Delivering the speech, the pitch of King's voice was much higher than that of his normal voice - a frequency usually only heard in music. "When he said, 'I have a dream,' he didn't speak," Dr. Komissarchick says, "He sang. That's how he created the magic of that."
In fact, says Andrews, whether or not we realize it, the voice always is a performance. For 25 years, she directed Indiana University's speech and language clinic, which worked closely with the nearby Kinsey Institute for Research in Sex, Gender, and Reproduction. Over the years, in addition to stuttering kids and shy corporate execs, Andrews coached many transgender clients in a particular prosodic application: making the vocal transition from male to female.

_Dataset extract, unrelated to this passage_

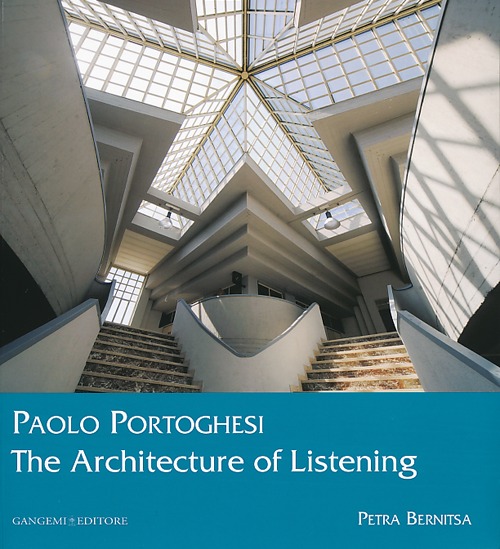 Paolo Portoghesi. The architecture of listening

That meant teaching them to control their voice pitch and mimic typically female voice patterns - a more musical cadence, an upswing at the end of a sentence. For transgender people, Andrews explains, "usually the voice is the big giveaway, in terms of "passing".... When they talk, if it sounds really masculine, heads usually turn, and that's what they're really afraid of."
As are we all, she says: "Like the teen-ager who moves from Georgia to California and boom, drops her accent, at some level, we're always trying to fit in."